¿Cuál es el mejor cuento en español?, me preguntó en estos días de feria un lector bogotano
Jorge Luis Borges, autor de el mejor cuento, según Vásquez: El Sur./elespectador.com |
Era una pregunta imposible, por supuesto, y además cruel, pues ningún
lector de verdad se atreve a dar simplemente esta respuesta: que es una
pregunta imposible. Yo hablé de tres, cuatro, ocho cuentos
imprescindibles, y luego hice este racionamiento: Borges es uno de los
mejores cuentistas de nuestra lengua; “El sur” era, según Borges, su
mejor cuento; luego “El sur” debe ser uno de los mejores cuentos de
nuestra lengua.

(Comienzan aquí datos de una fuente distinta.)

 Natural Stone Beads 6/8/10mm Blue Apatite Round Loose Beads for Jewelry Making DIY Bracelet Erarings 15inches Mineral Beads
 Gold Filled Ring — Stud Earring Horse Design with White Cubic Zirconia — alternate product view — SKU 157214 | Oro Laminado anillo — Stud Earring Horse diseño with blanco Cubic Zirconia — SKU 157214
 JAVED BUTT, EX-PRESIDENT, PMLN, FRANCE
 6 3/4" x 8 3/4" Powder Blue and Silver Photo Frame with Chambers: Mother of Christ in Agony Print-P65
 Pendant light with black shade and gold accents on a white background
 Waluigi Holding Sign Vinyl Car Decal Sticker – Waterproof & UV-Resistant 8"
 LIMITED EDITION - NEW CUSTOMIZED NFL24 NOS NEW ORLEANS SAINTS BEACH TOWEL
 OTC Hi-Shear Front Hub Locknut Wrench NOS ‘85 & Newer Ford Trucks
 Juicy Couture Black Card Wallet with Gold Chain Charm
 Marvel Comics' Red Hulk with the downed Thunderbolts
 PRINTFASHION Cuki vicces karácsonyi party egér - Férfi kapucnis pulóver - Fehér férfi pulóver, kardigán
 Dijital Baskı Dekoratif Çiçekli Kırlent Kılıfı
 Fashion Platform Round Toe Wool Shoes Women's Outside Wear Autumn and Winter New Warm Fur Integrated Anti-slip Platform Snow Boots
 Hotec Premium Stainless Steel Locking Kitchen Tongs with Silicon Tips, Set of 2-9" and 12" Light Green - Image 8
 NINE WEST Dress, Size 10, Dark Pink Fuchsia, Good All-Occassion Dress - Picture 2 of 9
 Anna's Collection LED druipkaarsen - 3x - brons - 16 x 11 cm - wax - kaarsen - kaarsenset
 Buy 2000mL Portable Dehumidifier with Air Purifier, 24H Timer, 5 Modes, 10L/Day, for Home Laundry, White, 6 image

Cualquiera puede ver la cantidad de fallas que tiene
este racionamiento, pero eso no importa: los caprichos de un lector son
inescrutables.
En su nota de autor, Borges dice que el cuento
puede leerse como “mera concatenación de hechos” y también “de otro
modo”. Hay, en efecto, una segunda lectura fantástica u onírica: en
ella, Juan Dahlmann, el bibliotecario que se ha herido la cabeza con una
ventana recién pintada, nunca llega a salir del sanatorio: muere en la
mesa de operaciones y al momento de su muerte su mente construye una
historia alucinada que justifique el linaje de héroes al que pertenece.
“Si hubiera podido elegir o soñar su muerte”, dice el narrador cuando
Dahlmann está a punto de salir a batirse a cuchillo, “ésta es la muerte
que hubiera elegido o soñado”. Y eso, soñarla, es lo que hace en efecto
Dahlmann.
En esta lectura, el cuento está dividido en dos mundos:
el mundo real y el mundo de la alucinación o del sueño. La frase que los
divide, como una frontera de cristal, como el hoyo que da entrada a la
madriguera del conejo, aparece al comienzo del tercer párrafo. “A la
realidad”, leemos, “le gustan las simetrías y los leves anacronismos”. A
Borges le gustan sobre todo las simetrías: a ambos lados de esta frase
se repiten los mismos motivos, exactamente como los sueños repiten,
transformándolos y trastornándolos, los motivos de la vigilia. Uno de
estos motivos es, por supuesto, el libro de Las mil y una noches. No es
gratuito que Borges escoja la misma acción tras las dos apariciones del
libro en el cuento: al comienzo, con el libro en la mano, Dahlmann
siente que algo le “roza” la cara (es la ventana que le abre la cabeza);
al final, antes de salir a su muerte, el leve “roce” en su cara lo
produce la miga de pan que le han tirado y con la cual comienza su
muerte.
El libro como testigo del desastre. La actividad de la
lectura como enemistad con la vida, como sutil amenaza, como problema.
“El arte de narrar se funda en la lectura equivocada de los signos”,
escribe Piglia acerca de Borges, y sin duda es así: literalmente, pero
también de forma metafórica, en Borges siempre hay alguien que lee y
cuya vida depende de interpretar lo leído. Pensemos en Erik Lönrrot, el
investigador de “La muerte y la brújula”: un talentoso lector de la
realidad que se dirige a su muerte precisamente por ser tan talentoso.
Otro lector, otro intérprete, no caería en la sutil trampa que Red
Scharlach ha construido para él, el texto que ha escrito sobre el mapa
de la ciudad para capturar al único hombre capaz de leerlo.
Pero
claro, no es cualquier ciudad: es, como escribe Borges, “la ciudad de mi
cuento”. Borges también escribe la trampa en que cae Lönrrot. Borges lo
ve encaminarse a su muerte y no hace nada para evitarlo.